Efficiency Statistics and Bounds for Systems with Broken Time-Reversal Symmetry

Universal properties of the statistics of stochastic efficiency for mesoscopic time-reversal symmetry broken energy transducers are revealed in the Gaussian approximation. We also discuss how the second law of thermodynamics restricts the statistics of stochastic efficiency. The tight-coupling limit becomes unfavorable, characterized by an infinitely broad distribution of efficiency at all times, when time-reversal symmetry breaking leads to an asymmetric Onsager response matrix.
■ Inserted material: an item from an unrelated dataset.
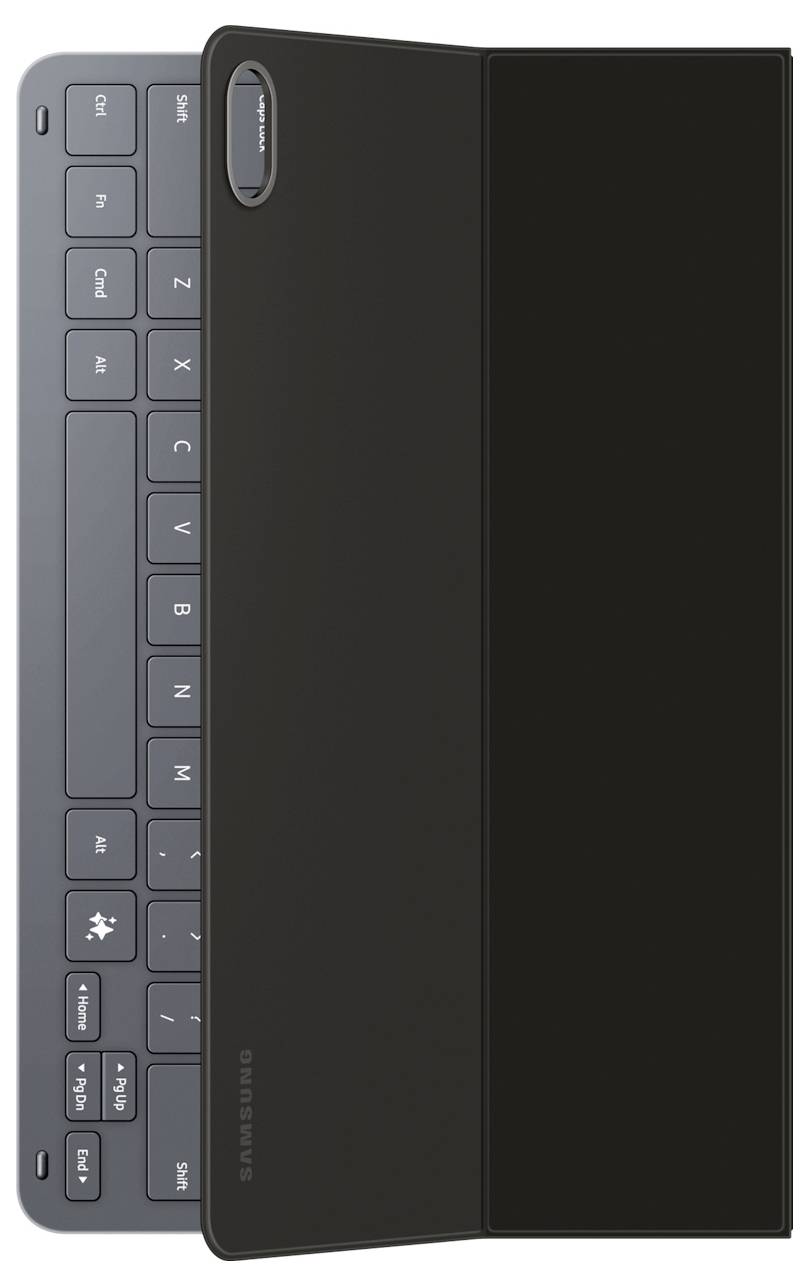 Beleuchtete Samsung-Tablet-Tastatur, schlankes Design, und magnetische Abdeckung teilweise geschlossen, einige Tasten sichtbar, in Grau und Schwarz.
The underlying physics is demonstrated through the quantum Hall effect and further elaborated in a triple-quantum-dot three-terminal thermoelectric engine.

Figure 1

Efficiency statistics for TRS and TRB systems. (a) An example of the LDF $J(\eta )$ for TRS (blue, $r=1$) and TRB (green, $r=1.6$) cases with $\alpha =-0.3$ and $q=0.7$. (b) Least probable efficiency ${\eta }^{\star }$ for these two systems at different $\alpha$. (c) LDF $J(\eta )$ as a function of $\alpha$ and $\eta$ for a TRB system with $r=1.6$ and $q=0.7$. Note that the least probable efficiency (the maximum of the LDF) ${\eta }^{\star }$ shifts away from the Carnot efficiency [${\eta }_C\equiv 1$, dashed line in (c)] for TRB systems as demonstrated in panels (a), (b), and (c). In panel (c) the minimum of $J(\eta )$ for $\eta \gg 1$ with large negative $\alpha$ is associated with the reversed machine of which the actual efficiency is $1/\eta$, instead of $\eta$. (d) Our analysis is exemplified on a triple-QD thermoelectric device; see Fig. 4 and text.

Figure 2

Efficiency statistics under the maximum average efficiency condition. (a) Maximum average efficiency ${\overline{\eta }}_{\max }$ (blue curve), thermodynamic upper bound of the average efficiency ${\overline{\eta }}_{\text{bound}}$ (red curve), and the least probable efficiency ${\eta }^{\star }$ (green curve) for $q=0.5$. The blue dot represents the TRS point, $r=1$. (b) Width of efficiency distribution ${\sigma }_{\eta }$. The dashed line represents the TRS limit, $r=1$. The white region is forbidden by the thermodynamic bound, Eq. (4).

Figure 3

Efficiency statistics under the maximum average power condition. (a) Least likely efficiency ${\eta }^{\star }$ as a function of $r$ and $q$. The dashed line represents the TRS limit, $r=1$. The white region outside is forbidden by the thermodynamic bound, Eq. (4). In contrast, the white region inside the color graphics region is due to divergences of ${\eta }^{\star }$ at special $r-q$ lines given by $r=(-1\pm \sqrt{1+8/q^2})/2$. (b) Least probable efficiency ${\eta }^{\star }$, average efficiency $\overline{\eta }(W_{\max })$, and its upper bound ${\overline{\eta }}_{\text{bound}}(W_{\max })$ at $q=0.5$ as a function of $r$. The dots identify values in the TRS limit, $r=1$.

Figure 4

Triple-QD thermoelectric system at maximum average output power condition: (a) Least probable efficiency ${\eta }^{\star }$ and (b) width of efficiency distribution ${\sigma }_{\eta }$. QD “3,” connected to the probe terminal, is set at $E_3=2$. $\varphi =\pi /2$, $\mathrm{\Gamma }=0.5$, and $t=-0.2$. The white region in (a) depicts very large or very small (negative) ${\eta }^{\star }$ values which are not properly displayed.